Unnamed: 0,Level_id,Agg_Level_1,Agg_Level_2,Weight
12350,Level12,FOODS_1_001,CA_1,1.970000e-05
12351,Level12,FOODS_1_001,CA_2,1.850000e-05
12352,Level12,FOODS_1_001,CA_3,1.430000e-05
12353,Level12,FOODS_1_001,CA_4,5.380000e-06
12354,Level12,FOODS_1_001,TX_1,5.980000e-07
...,...,...,...,...
42835,Level12,HOUSEHOLD_2_516,TX_2,1.270000e-05
42836,Level12,HOUSEHOLD_2_516,TX_3,7.920000e-06
42837,Level12,HOUSEHOLD_2_516,WI_1,1.580000e-06
42838,Level12,HOUSEHOLD_2_516,WI_2,1.580000e-06


In [12]:
weights[weights.Level_id=='Level2']

Unnamed: 0,Level_id,Agg_Level_1,Agg_Level_2,Weight
1,Level2,CA,X,0.442371
2,Level2,TX,X,0.269297
3,Level2,WI,X,0.288332


### Possible approaches:
* Forecast the 30490 series very well using embeddings for item_id, state_id, etc. And by adding weights in a smarter way (increase the weight if an item influences significantly a higher level's weight as well??)
* Forecast for all the series. Maybe use a different model for aggregated series. Devise a postprocessing method to make the forecasts coherent
* (Best one??) The problem with bottom-up approaches (1st approach) is it is easier to forecast for aggregated series as they are more filled(?).
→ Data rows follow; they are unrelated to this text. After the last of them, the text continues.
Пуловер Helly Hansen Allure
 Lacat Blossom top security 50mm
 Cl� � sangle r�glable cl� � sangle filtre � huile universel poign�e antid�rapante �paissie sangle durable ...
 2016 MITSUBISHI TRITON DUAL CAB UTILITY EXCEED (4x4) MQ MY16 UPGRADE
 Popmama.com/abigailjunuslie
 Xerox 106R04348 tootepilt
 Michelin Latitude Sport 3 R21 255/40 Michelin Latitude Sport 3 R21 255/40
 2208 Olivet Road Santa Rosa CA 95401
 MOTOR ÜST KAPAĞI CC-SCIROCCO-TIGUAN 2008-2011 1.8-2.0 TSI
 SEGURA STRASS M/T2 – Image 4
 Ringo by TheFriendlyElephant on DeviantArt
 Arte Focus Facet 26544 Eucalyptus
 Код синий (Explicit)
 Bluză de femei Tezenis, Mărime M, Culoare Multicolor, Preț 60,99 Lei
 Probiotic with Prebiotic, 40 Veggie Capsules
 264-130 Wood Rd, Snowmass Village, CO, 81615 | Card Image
What if we provide the time series data for Levels 1-5 as features but forecast at level 12. Can try this after implementing 1st approach.

For now, train using the first approach, decide your validation method, clean the code, improve the model a bit and then come back to see of you should be using any other approach to improve it further


### What are the series all about?

* #### Level 1: Aggregate everything
      Number of series: 1
      Graph: Item --> Department --> Category --> Store --> State --> All
* #### Level 2: Aggregate for each state
      Number of series: 3
      Graph: Item --> Department --> Category --> Store --> State
* #### Level 3: Aggregate for each store
      Number of series: 10
      Graph: Item --> Department --> Category --> Store
* #### Level 4: Aggregate for each category
      Number of series: 3
      Graph: Item --> Department --> Category
* #### Level 5: Aggregate for each department
      Number of series: 7
      Graph: Item --> Department
* #### Level 6: Aggregate for each state and category
      Number of series: 9
      Graph: Item --> Department --> Category+State
* #### Level 7: Aggregate for each state and department
      Number of series: 21
      Graph: Item --> Department+State
* #### Level 8: Aggregate for each store and category
      Number of series: 30
      Graph: Item --> Department --> Category+Store
* #### Level 9: Aggregate for each store and department
      Number of series: 70
      Graph: Item --> Department+Store
* #### Level 10: Aggregate of each product for each stores/states
      Number of series: 3049
      Graph: Store --> Item
* #### Level 11: Aggregate of each product for each state
      Number of series: 9147
      Graph: State+Item
* #### Level 10: Aggregate of each product for each store
      Number of series: 30490
      Graph: Item --> Store